# Instructions for the task
Among the entries below, how many lines hold "Long"? Reply with the number only.

(Dataset records)
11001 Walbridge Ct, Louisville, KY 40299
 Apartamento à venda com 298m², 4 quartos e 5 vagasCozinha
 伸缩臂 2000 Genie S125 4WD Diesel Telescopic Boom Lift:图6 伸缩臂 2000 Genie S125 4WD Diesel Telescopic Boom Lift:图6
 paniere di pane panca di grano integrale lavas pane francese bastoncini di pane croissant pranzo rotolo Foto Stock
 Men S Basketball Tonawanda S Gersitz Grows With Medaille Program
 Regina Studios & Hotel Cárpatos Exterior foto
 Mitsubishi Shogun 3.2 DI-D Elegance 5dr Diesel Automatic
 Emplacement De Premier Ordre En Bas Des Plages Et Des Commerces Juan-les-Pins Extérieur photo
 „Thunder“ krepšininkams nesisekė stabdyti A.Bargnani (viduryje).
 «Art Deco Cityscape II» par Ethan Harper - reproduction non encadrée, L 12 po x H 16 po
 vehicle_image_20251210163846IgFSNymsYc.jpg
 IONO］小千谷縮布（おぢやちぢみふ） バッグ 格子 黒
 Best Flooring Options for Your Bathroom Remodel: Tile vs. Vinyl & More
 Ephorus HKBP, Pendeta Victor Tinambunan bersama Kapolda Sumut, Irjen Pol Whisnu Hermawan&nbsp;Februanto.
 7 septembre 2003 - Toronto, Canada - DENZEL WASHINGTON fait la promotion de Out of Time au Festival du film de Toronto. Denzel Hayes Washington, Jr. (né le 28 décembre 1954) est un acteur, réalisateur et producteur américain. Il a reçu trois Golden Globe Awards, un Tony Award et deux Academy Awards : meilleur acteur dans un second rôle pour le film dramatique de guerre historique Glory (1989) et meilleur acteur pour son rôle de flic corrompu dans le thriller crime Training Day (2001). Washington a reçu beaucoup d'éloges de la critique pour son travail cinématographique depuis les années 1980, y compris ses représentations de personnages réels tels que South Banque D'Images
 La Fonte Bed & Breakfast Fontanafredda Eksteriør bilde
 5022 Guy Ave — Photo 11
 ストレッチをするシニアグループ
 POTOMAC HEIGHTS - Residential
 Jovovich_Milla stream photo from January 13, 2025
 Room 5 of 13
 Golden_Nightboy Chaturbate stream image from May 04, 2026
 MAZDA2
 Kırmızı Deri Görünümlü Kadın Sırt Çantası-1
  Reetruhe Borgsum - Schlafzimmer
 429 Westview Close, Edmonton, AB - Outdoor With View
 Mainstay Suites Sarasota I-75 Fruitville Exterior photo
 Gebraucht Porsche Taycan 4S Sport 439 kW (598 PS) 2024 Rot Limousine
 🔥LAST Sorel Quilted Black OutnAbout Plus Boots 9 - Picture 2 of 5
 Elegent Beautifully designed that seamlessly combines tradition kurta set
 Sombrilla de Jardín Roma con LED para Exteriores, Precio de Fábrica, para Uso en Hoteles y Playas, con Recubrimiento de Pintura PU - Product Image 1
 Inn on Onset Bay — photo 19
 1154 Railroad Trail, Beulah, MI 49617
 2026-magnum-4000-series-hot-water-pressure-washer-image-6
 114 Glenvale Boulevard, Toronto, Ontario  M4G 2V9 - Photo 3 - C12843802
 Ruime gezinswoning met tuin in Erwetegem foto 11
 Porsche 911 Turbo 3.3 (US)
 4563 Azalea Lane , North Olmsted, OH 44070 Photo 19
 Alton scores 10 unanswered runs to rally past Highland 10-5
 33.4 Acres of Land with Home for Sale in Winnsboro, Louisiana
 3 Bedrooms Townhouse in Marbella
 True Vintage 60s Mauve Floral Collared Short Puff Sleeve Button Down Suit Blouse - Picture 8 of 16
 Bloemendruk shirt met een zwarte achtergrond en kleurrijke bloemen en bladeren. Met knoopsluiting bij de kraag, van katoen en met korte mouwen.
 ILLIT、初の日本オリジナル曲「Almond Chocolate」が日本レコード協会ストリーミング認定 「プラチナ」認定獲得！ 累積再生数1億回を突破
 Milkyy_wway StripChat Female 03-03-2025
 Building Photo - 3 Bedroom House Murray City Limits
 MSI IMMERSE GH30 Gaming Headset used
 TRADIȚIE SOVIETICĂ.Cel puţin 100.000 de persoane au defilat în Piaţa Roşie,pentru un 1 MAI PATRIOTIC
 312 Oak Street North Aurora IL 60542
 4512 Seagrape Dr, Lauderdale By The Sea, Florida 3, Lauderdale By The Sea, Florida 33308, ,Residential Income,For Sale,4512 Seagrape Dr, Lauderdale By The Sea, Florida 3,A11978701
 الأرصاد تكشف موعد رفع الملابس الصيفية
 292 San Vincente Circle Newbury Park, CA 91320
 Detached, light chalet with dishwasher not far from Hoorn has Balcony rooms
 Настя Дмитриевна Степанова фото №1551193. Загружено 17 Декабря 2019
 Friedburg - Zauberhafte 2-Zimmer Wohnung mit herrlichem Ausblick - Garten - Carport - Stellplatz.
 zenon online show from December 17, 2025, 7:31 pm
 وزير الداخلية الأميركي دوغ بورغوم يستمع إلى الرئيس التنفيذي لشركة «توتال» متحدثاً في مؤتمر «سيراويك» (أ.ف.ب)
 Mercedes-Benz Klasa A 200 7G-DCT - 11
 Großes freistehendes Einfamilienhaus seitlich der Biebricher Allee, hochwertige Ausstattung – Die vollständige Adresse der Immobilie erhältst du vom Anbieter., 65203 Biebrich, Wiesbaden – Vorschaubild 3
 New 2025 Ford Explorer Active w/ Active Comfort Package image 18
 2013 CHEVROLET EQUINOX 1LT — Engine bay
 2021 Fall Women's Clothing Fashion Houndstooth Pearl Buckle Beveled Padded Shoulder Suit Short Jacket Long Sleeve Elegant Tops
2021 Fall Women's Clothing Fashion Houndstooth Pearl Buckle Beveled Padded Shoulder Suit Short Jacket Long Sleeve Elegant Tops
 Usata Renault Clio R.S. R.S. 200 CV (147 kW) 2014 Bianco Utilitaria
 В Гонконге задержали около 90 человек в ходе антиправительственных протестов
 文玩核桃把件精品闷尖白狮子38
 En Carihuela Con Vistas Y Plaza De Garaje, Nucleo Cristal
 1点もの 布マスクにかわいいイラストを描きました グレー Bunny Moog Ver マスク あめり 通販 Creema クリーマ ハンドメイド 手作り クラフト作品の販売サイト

# Output for this task
2